Jiang Zemin, chairman of the Communist Party of China, called for an active adaptation of religions in China with socialism. There is no reason at all to oppose this. Suppose we do not adapt to socialist society. Shall we then adapt to capitalism, imperialism or feudalism? For the good of our nation, as well as for the survival and witness of the church itself, we should naturally adapt to socialist society. This is the natural choice of every responsible citizen and every responsible believer. We cannot be satisfied with a mere politic expression. Genuine adaptation must have an intellectual foundation. For Christians, genuine adaptation must include theological adaptation. Our pastors should not content themselves with preaching a word from fifty or one hundred years ago. Adjustment must take on vitality of expression and be marked by Jesus' promise, before he left us, that he would send the Spirit among us to lead us into all truth.

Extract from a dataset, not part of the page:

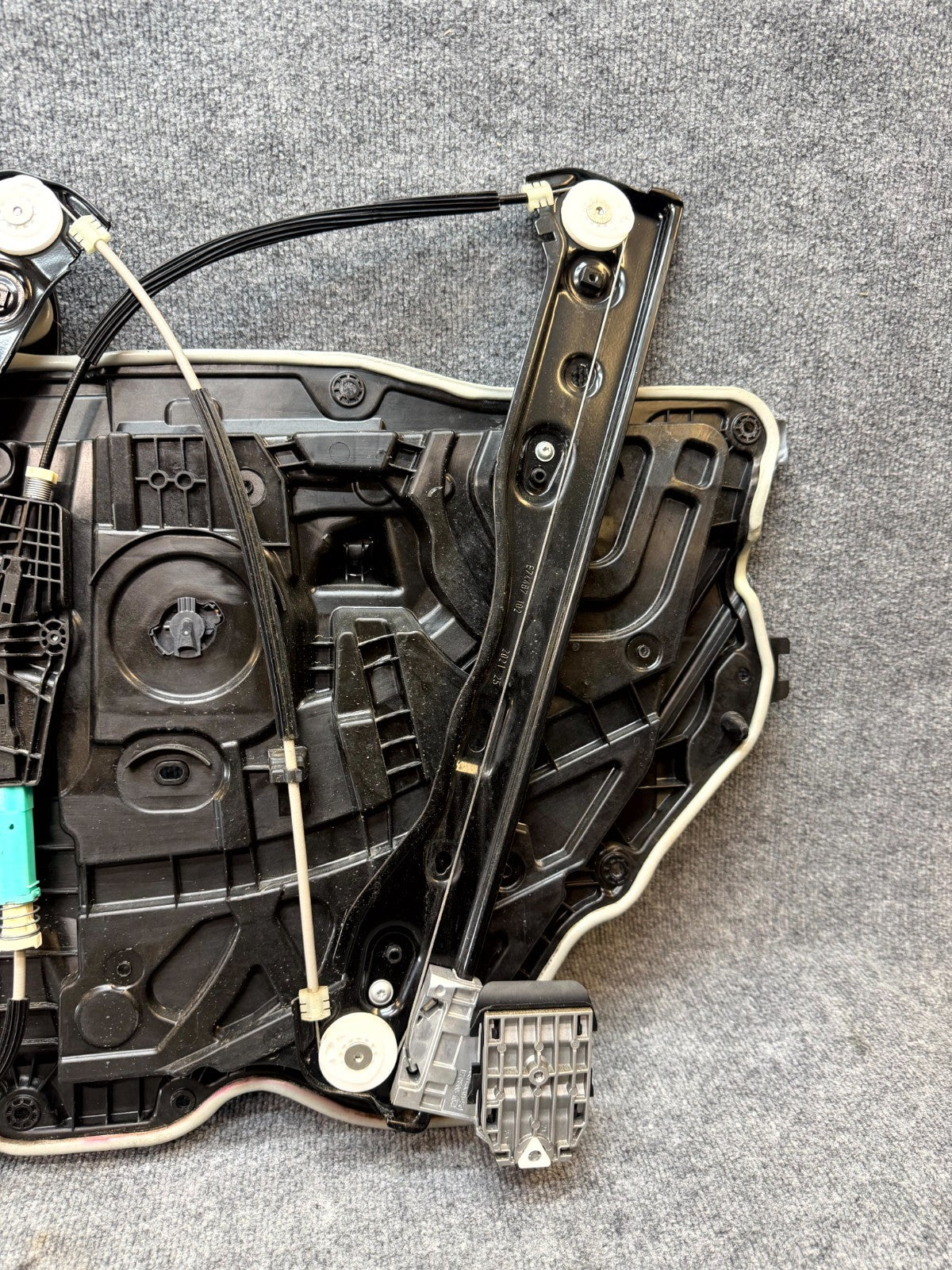 2020-2024 TESLA MODEL Y FRONT LEFT DOOR WINDOW REGULATOR & MOTOR OEM, 149551000E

Friends, the twenty-first century is upon us, a century in which educational levels will continue to rise. Even now, many intellectuals come to the churches full of expectation, willing to listen to our message. They arrive full of expectation, but leave full of disappointment. Why should this be? The church is growing, but our message does not attract people with a modern mindset. Let us welcome theological reconstruction with open arms, so that the church will no longer fall behind, but be a lively community that keeps up with changing times.

Recently, the TSPM/CCC set up a "Theological Reconstruction Promotion Team" whose function is to 1) heighten awareness of the importance of theological reconstruction among our co-workers and fellow Christians, especially clergy; and 2) assist church offices closely involved in theological thinking (seminaries, publications departments, etc.) to thoroughly implement the spirit of theological reconstruction. Our goal is to gradually raise the theological level of Chinese Christianity and foster understanding of theology in world Christianity so that we would be able to participate in theological exchanges with Christians all over the world. This is truly a great responsibility and I hope all our colleagues and fellow Christians will support it. I am retired from my positions in the TSPM/CCC, but I will do my utmost to support this endeavor which is so important for the future of our church.

Based on a summary in Amity News Service 2000.3/4.2.